Board members asked procedural and practical questions about the differences between design‑bid‑build, GCCM and progressive design‑build, including why the district selected each approach for specific projects. After discussion the board voted to approve use of the progressive design‑build delivery method for Shelton View and Kokanee; the GCCM approach was presented as the method for Inglemore and Leota phase 2 and will proceed through the district’s procurement steps.

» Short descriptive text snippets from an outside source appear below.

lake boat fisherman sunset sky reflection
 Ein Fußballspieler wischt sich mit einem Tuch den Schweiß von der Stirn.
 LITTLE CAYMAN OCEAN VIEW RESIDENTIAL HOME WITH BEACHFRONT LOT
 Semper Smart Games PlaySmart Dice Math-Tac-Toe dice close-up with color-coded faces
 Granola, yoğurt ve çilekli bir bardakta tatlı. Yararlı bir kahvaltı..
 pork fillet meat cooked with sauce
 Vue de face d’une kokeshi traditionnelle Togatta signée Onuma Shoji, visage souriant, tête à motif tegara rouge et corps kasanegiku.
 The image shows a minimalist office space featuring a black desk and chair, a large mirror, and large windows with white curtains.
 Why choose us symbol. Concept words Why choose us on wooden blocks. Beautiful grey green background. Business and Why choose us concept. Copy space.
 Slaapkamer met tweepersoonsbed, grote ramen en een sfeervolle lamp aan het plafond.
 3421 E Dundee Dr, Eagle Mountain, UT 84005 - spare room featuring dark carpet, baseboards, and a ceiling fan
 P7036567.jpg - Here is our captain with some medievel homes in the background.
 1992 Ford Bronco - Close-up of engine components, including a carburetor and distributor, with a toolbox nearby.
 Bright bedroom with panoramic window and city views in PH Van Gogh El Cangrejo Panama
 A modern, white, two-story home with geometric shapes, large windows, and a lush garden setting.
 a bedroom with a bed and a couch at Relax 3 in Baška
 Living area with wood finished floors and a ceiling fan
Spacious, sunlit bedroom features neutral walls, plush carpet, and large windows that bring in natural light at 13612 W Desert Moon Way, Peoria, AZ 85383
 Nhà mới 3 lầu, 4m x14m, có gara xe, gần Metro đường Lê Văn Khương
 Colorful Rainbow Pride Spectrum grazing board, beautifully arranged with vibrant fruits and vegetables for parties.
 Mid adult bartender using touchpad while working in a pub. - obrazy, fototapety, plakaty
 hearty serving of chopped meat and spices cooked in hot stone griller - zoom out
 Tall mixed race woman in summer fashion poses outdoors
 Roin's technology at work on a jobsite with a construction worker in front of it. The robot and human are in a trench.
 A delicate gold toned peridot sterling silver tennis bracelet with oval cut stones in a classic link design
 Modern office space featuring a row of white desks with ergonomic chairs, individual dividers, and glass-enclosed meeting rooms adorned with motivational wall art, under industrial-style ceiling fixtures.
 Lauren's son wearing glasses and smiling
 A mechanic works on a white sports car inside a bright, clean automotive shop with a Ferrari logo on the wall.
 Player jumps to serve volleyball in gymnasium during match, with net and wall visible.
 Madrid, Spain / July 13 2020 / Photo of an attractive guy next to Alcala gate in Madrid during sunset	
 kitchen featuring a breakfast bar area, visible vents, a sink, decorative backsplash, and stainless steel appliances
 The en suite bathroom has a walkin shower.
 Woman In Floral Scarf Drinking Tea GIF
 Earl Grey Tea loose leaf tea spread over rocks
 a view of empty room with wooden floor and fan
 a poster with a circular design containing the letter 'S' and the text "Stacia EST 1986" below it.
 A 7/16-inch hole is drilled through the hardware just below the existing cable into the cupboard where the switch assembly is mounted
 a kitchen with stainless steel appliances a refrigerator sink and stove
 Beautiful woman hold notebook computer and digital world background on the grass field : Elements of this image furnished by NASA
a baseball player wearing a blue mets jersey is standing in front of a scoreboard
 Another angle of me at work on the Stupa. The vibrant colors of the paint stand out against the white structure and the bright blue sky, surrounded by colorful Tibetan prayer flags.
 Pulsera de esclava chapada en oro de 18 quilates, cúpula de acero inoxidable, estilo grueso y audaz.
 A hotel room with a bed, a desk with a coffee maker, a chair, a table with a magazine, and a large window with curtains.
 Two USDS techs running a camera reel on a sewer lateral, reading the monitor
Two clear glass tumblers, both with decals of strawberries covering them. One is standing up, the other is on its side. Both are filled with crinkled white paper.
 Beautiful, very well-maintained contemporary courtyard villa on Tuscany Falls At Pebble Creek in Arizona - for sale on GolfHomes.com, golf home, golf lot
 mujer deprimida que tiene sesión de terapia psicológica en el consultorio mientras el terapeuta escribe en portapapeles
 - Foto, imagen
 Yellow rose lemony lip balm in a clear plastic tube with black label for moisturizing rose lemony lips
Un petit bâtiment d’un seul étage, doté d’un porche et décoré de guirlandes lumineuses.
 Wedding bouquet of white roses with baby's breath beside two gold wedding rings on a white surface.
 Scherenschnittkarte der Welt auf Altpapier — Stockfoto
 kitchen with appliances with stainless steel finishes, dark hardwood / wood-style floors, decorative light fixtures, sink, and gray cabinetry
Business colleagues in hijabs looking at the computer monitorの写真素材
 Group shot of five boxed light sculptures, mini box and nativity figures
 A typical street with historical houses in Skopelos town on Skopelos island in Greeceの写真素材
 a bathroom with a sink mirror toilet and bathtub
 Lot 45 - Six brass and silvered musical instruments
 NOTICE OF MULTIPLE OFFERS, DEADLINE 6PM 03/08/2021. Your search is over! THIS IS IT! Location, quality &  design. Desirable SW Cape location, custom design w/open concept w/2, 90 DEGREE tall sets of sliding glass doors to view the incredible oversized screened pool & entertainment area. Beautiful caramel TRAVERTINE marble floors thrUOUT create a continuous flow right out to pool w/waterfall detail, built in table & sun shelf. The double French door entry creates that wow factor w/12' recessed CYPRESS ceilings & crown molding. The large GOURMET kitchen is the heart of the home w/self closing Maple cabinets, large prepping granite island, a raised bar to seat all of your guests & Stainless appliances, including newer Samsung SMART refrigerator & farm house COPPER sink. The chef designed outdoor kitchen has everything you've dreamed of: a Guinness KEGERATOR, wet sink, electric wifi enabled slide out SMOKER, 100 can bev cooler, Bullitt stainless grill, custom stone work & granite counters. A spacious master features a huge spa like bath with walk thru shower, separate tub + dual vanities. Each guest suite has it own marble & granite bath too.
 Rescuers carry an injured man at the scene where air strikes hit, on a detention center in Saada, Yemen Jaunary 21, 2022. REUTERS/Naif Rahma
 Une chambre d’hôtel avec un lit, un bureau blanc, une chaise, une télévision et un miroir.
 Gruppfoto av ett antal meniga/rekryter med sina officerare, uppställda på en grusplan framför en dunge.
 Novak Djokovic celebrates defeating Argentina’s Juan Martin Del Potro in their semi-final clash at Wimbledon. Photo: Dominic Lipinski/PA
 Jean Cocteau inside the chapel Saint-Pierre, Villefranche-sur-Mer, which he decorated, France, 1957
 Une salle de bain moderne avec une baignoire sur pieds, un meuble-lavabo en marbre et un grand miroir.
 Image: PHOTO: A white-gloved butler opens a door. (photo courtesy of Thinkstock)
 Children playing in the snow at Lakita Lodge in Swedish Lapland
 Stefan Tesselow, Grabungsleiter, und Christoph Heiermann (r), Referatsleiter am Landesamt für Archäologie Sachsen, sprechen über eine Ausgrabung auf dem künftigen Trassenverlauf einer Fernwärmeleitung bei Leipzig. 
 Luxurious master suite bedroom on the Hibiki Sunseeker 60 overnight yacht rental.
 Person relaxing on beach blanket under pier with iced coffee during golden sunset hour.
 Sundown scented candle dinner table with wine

Facilities staff also presented the annual Building Condition Assessment required under state rules for buildings that received SCAP funding. The presentation noted eight schools were included in the required APP report, with BCA scores ranging from 67.06% to 94.95% for the 25/26 school year; staff said all included buildings met or exceeded expected scores. Board members asked how BCA thresholds inform prioritization and bond planning; staff said BCA data is informational for OSPI and for district prioritization and that other, more comprehensive lists of building improvement projects inform bond planning.

The approvals allow the district to begin early contracting and planning under the selected delivery methods. Board members requested follow‑up about how BCA scores translate into project prioritization and reminded the public that major project lists and task forces will guide bond‑cycle decisions.